=== Work order ===
The records are to be repeated exactly, and any images in them are to be dropped.

START Provided entries

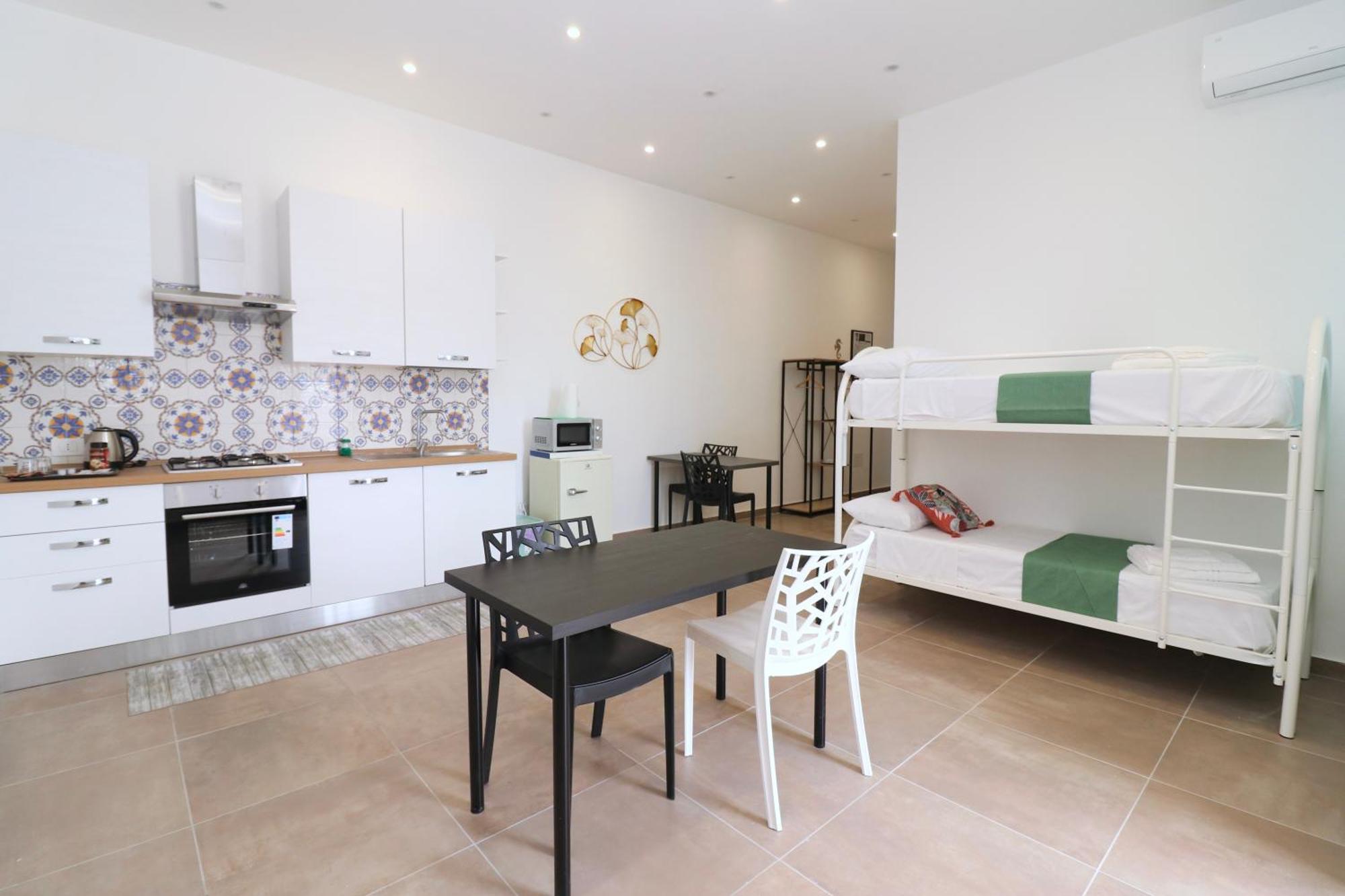 Airport Guest Houses Napoli Bagian luar foto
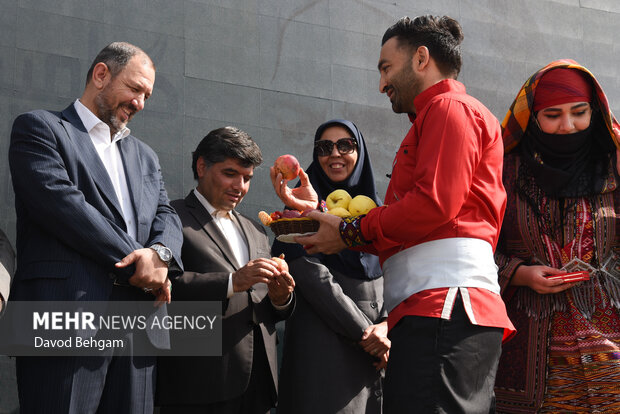 گرامیداشت روز ملی روستا و عشایر در آرامگاه فردوسی برگزار شد گرامیداشت روز ملی روستا و عشایر در آرامگاه فردوسی برگزار شد
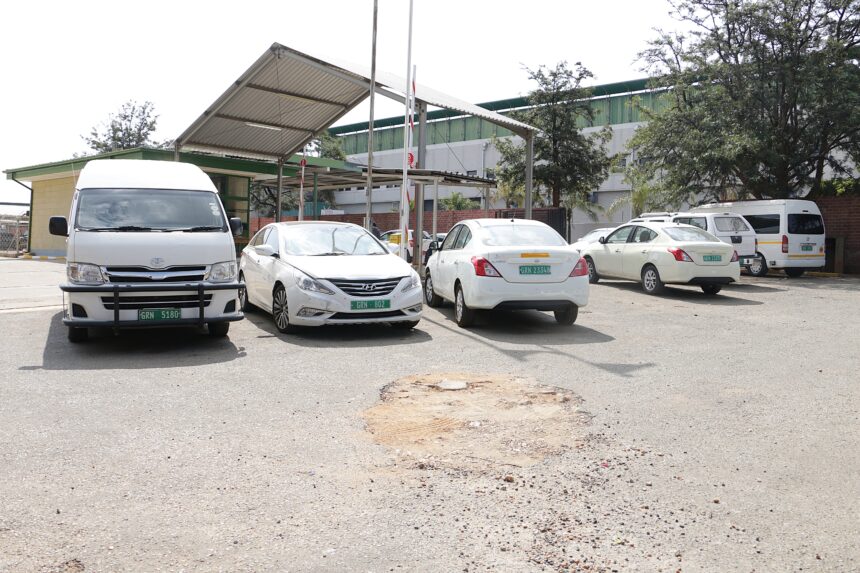 Government to auction 1 500 vehicles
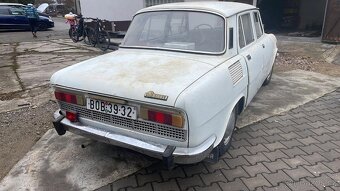 Škoda 100L de luxe - 4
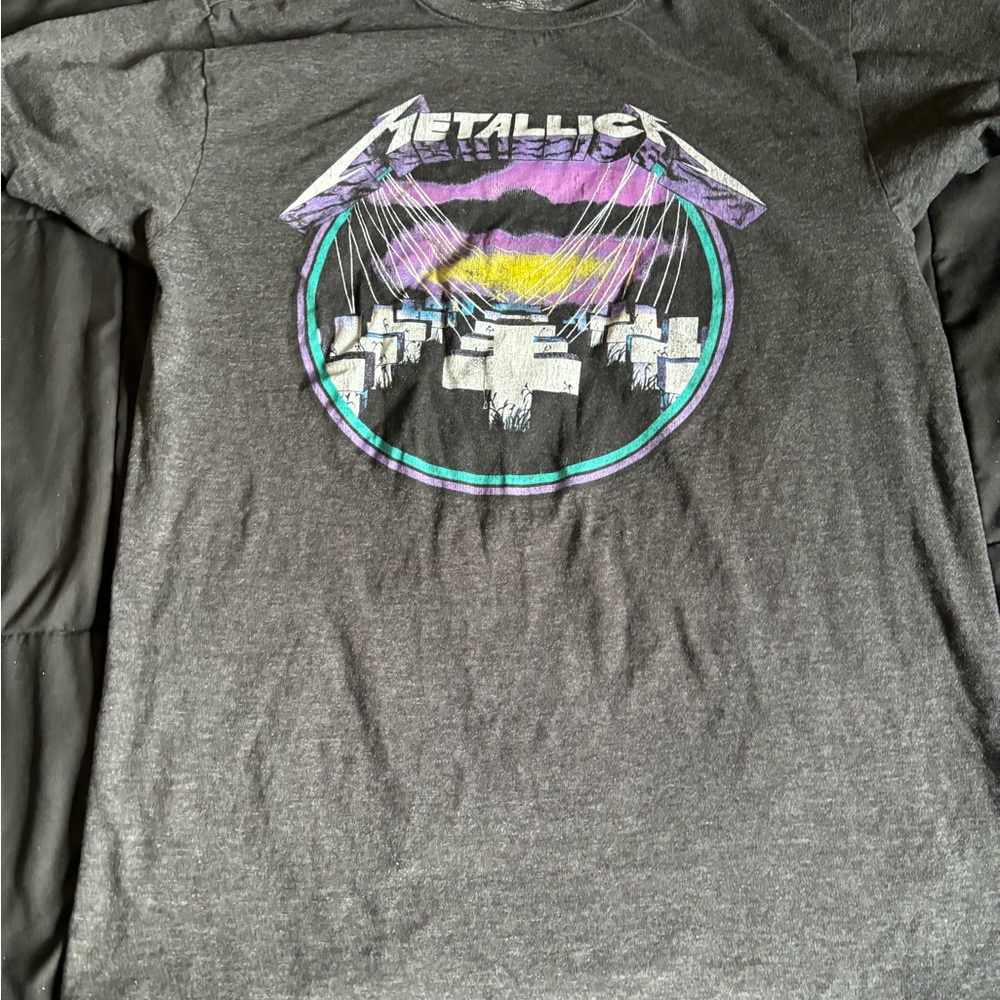 Metallica band shirt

END Provided entries

=== Task response ===
 Airport Guest Houses Napoli Bagian luar foto
 گرامیداشت روز ملی روستا و عشایر در آرامگاه فردوسی برگزار شد گرامیداشت روز ملی روستا و عشایر در آرامگاه فردوسی برگزار شد
 Government to auction 1 500 vehicles
 Škoda 100L de luxe - 4
 Metallica band shirt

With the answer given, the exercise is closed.